The GAP is the protocol tasked with building the hierarchy tree.
The traditional rendezvous gossip protocol relies on picking a random node
for each round of gossip. This is means that unless for lucky choices
we need more than o(log(n))
steps to converge. Please see our
simulations.
Here we propose a couple of simple improvements which we call rendezvous gossip, with the following improvements:
- Guaranteed
o(log(n))
convergence - Fast failure detection
- Very large cluster size (10^9 nodes)
Implementation here.
// TODO: put in rebar
Let's say we have a cluster of 8 nodes and the fanout is 3. The cluster is already at equilibrium, so each node knows about all the other nodes.
For the next round, each node perform a round of rendezvous hashing to determine which node to send the next message to. The hashed string is:
nodeName,iteration,peer1,peer2, ... peer8
Which is built using the lexicographic order of the node hostnames. The 512 bit hash is split in 8 chunks of 64 bits each, and the next 3 nodes are selected.
The message is sent over the UDP protocol, and contains a hash of current known list of healthy nodes:
peer1,peer2, ... peer8
Each peer can then immediately verify if all the senders agree on the list of peers. If not then a synchronization over TCP is performed.
This approach guarantees that in o(log(n))
steps not only the network
will converge, but also that each node will also receive at least
one confirmation, for extremely fast failure detection.
Up to 1024 nodes the above strategy is fine, but failures becomes increasingly frequent and more expensive as they will require a lot of synchronizations.
To scale up we can start using hierarchies and merkle trees:
- Nodes are organized in groups
- Groups are organized in Zones
- Groups can have a size from 25 nodes to 250 nodes
- Each node knows about the local nodes, and the hash of other groups.
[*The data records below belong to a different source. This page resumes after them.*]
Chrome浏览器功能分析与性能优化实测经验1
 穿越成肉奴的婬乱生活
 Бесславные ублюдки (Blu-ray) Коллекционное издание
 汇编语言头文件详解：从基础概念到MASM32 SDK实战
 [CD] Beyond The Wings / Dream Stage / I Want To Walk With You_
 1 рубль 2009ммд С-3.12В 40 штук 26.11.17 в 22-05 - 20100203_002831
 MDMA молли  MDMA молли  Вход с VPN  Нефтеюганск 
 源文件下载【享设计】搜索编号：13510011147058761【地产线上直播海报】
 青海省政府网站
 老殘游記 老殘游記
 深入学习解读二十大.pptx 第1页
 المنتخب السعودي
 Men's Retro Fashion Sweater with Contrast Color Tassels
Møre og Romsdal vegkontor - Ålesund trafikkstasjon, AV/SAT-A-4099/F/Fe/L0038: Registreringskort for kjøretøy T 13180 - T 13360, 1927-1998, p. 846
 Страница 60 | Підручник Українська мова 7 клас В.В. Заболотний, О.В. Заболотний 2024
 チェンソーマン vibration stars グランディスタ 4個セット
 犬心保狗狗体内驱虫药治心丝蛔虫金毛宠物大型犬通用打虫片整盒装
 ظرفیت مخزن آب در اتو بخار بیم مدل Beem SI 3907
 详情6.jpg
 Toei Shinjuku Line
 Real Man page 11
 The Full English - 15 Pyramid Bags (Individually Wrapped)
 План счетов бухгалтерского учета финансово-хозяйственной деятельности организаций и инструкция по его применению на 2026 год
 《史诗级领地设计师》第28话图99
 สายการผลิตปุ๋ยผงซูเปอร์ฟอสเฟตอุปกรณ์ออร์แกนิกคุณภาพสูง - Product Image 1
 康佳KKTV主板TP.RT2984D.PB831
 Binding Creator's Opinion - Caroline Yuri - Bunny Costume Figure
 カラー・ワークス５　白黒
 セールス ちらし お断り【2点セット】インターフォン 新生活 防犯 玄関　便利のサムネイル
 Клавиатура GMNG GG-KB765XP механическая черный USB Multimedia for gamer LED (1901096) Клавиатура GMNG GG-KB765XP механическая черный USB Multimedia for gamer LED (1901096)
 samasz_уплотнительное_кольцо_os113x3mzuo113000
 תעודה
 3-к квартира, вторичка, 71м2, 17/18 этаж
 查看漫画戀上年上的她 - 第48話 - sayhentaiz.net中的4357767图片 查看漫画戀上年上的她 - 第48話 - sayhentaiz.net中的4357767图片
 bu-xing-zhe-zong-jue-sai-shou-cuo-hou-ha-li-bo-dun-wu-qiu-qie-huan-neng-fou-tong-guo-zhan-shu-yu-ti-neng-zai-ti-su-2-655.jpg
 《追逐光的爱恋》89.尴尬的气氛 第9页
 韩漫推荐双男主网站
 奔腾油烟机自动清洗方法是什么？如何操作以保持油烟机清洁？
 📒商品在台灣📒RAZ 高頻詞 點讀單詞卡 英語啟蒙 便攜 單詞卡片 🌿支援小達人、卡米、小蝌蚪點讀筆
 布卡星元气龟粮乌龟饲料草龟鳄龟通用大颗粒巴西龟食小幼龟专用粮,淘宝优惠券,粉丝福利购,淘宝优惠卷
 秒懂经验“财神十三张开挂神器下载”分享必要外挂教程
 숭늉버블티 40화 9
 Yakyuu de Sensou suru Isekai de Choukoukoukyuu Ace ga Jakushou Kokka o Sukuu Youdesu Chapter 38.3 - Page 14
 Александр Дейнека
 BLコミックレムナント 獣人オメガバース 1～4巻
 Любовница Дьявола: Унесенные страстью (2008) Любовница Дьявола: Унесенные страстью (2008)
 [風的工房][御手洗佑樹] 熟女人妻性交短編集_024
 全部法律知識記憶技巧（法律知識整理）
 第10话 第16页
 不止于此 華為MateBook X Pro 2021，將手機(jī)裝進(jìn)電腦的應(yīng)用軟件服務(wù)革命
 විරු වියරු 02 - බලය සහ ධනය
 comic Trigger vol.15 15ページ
This control the size of the message.
- Only few nodes communicate across groups
Let's say we have a group of 25 nodes, and a fanout of 6. We know that there are 4 groups in 2 zones. For a node in group 1, our string thus becomes:
peer1,peer2, ...,peer25,group2
When any node select group2 as a candidate, it will send the message one node in group2. The message is generated using a merkle tree.